Problem details: Restate each line below word for word, skipping every picture.

Raw data:
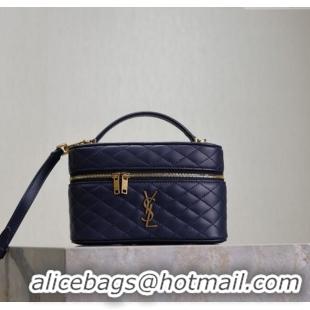 Promotional Saint Laurent Gaby Vanity Bag in Quilted Lambskin 766731 Abesse Blue 2025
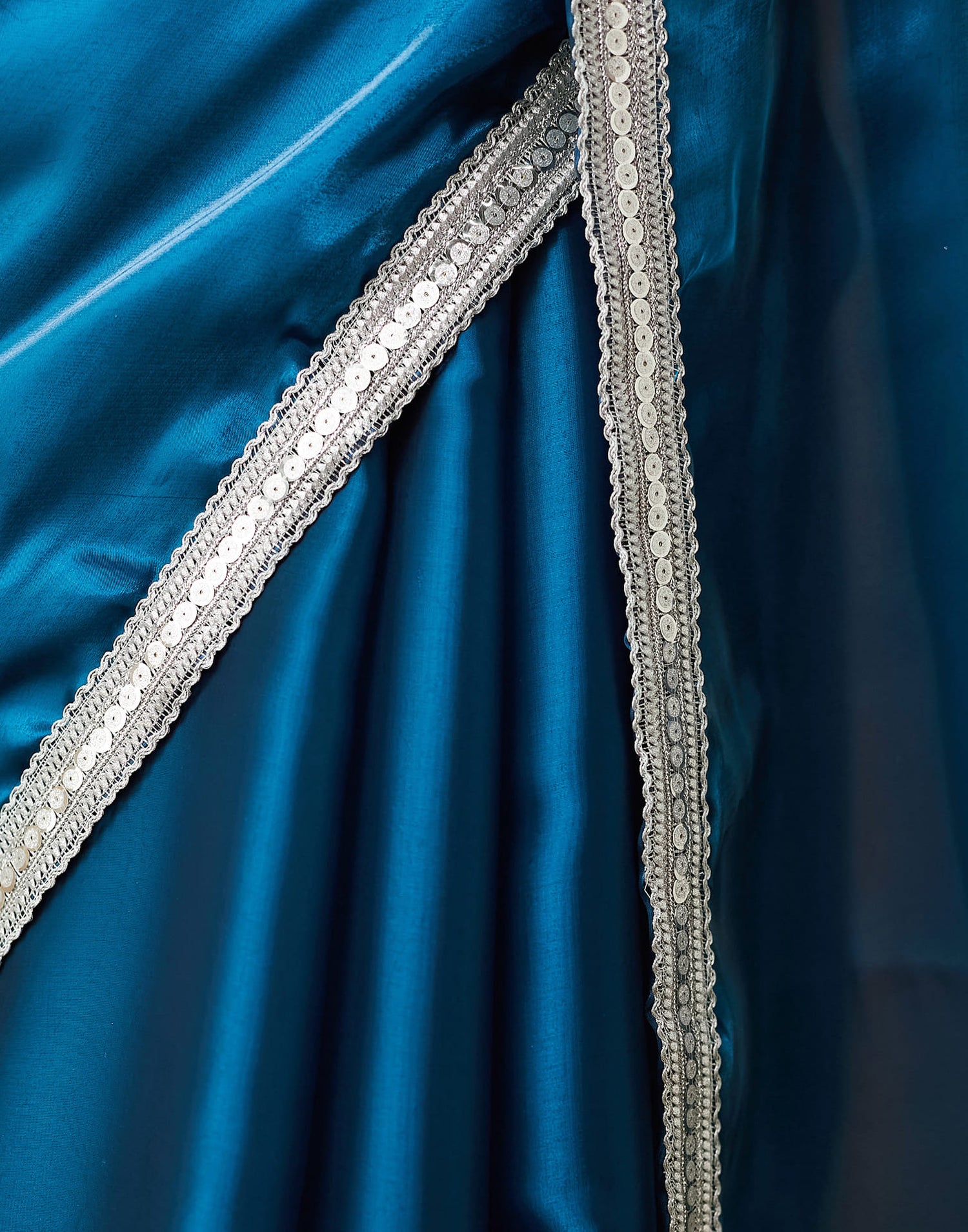 Rama Blue Silk Lace Plain Saree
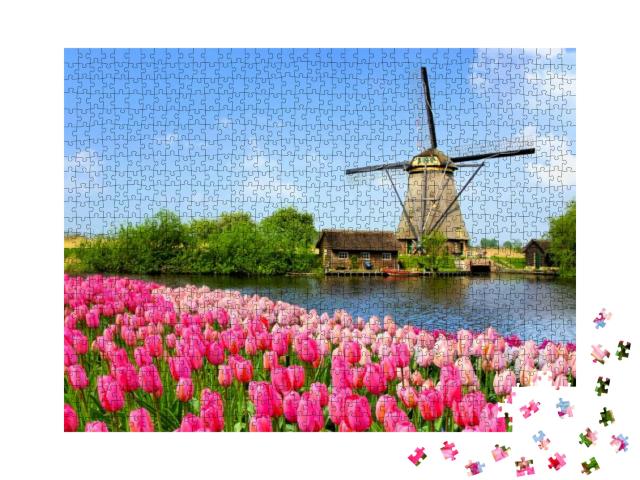 Traditional Dutch Windmill Along a Canal with Pink Tulip... Jigsaw Puzzle with 1000 pieces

Exercise result:
 Promotional Saint Laurent Gaby Vanity Bag in Quilted Lambskin 766731 Abesse Blue 2025
 Rama Blue Silk Lace Plain Saree
 Traditional Dutch Windmill Along a Canal with Pink Tulip... Jigsaw Puzzle with 1000 pieces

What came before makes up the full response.